I paused for a second and waited for him to continue. He didn’t, so I asked: “so, how do you define a good person?”
“In Buddhism, we have five precepts. No killing, no stealing, no lying, no intoxication, and no sexual misconduct.” The other monk nodded his agreement.
However, I wasn’t happy with his answer. I felt like there was something beneath the surface, another myth that I had to bust about my perception of Buddhism. So, I asked “what if you break one of these precepts.”
The more intense monk was now getting into the conversation and decided to take the answer.
“We have laws in Buddhism about the way you are supposed to act. There are over 40,000 of them. I will probably never learn all of them in my life, so I learn a few and follow them. We know we won’t be perfect, so we follow as many laws as we can. There are five precepts, but sometimes I can’t follow all five. So, I do the best I can. Some days I can only follow four, but that’s OK. In Buddhism, there is no perfect.”
Now I finally felt like I was getting to the core of the conversation. I sat silently and waited for him to continue his passionate explanation of Buddhism. He told us about how he used to be a Muay Thai fighter and drug user. He found the temple in his teenage years and became a monk. He reminded us that he could leave whenever he wants, but much preferred his life now.
He also talked about how monks avoid attachment to things like how they look, so they all wear roughly the same clothes and wear their hair the same way. He also talked about how they’re not supposed to work out if it’s for the sake of appearance, only to get a job done or release energy.
He wrapped up his speech by giving me two more rules. “Imperfect is perfect, and impermanence is permanent.”
To me, this one line summed up everything that intrigues me about Buddhism. And, being a fitness nerd, I immediately related it back to fitness in my head.
The more time I spend in the fitness industry, the more hostile it seems. People have opinions and fitness systems that make you feel like you’re wrong if you do something different. They’ll make you feel like you must eat or workout a certain way and that if you don’t you’re wrong.
I didn’t know it before I spoke to those monks, but I have a Buddhist approach to all this fitness stuff.
In Buddhism, you come and go as you please. If you want to improve your life and Buddhism is attractive to you then you just do it. You try your best to follow the guidelines and you put them into practice every day as best you can. However, if you can’t follow a guideline one day you’re not out of the club. You just wake up the next day and try to do better.

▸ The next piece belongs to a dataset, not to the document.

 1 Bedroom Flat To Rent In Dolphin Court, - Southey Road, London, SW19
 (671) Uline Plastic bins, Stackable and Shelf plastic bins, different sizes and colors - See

Once you take away that crushing fear of failure and the guilt that comes with violating rules, you make room for change and growth. Instead of living your life as a better person because you’re afraid of punishment that comes from breaking rules, you live your life as a better person because you genuinely want to. Buddhism isn’t forced.

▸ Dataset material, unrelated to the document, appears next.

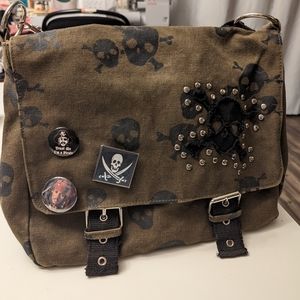 Skull and crossbones pirate messenger bag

I’ve taken the same approach to fitness in my own life. I’ve done some crazy diets and lifted weights until I hurt myself. None of that made me feel good or made me happy.
At the end of the day, fitness is something that should make you feel better. If it doesn’t, then you’re probably going about it wrong. You’re not going to have much fun if you feel like you must eat a certain way, work out a certain way, and look a certain way.

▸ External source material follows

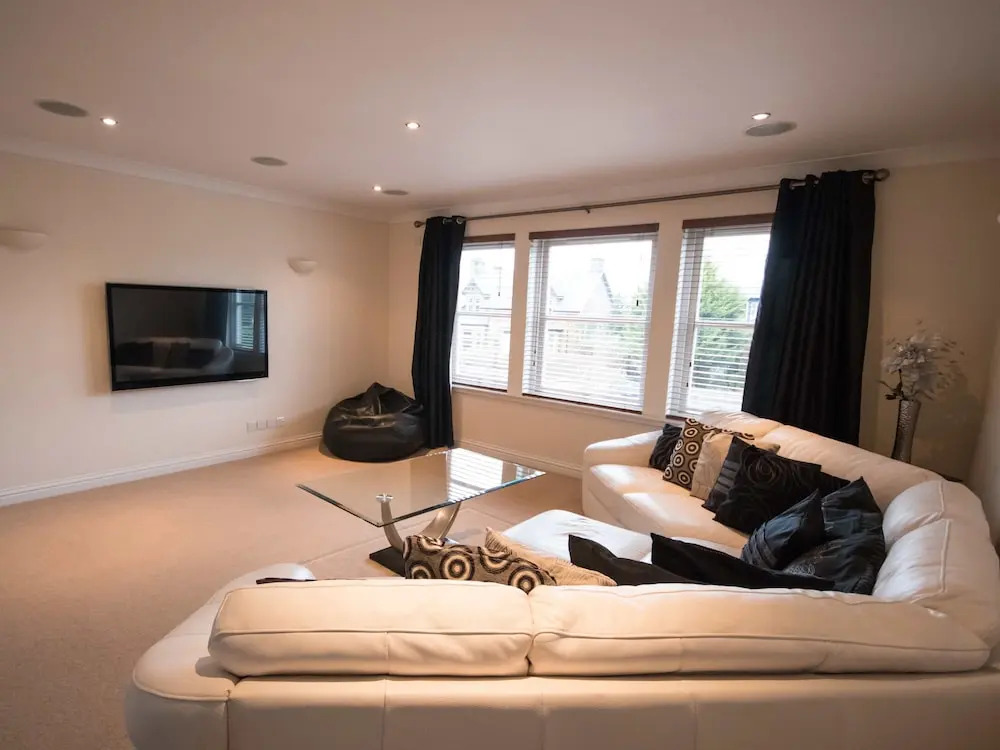 Crown Luxury Serviced Apartments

I sustained a back injury over two years ago that I’m still recovering from. After the injury, I lost a lot of strength and muscle. I had grown attached to my larger and stronger self. I felt like I was less powerful and attractive because I couldn’t lift as much weight. It wasn’t until I started to slowly change my workouts and find things that I enjoyed that I realized I had been unhappy with fitness. The less I cared about how I looked or how much weight I could lift the more I enjoyed myself at the gym.
As I found out from my injury, things don’t always go the way we plan. However, if we can get over the idea of who we used to be and get used to the idea of who we are we can move past all of our little attachments. Part of that is saying “screw the rules” and simply doing the best you can every day. The other part is simply forgiving yourself for not being perfect.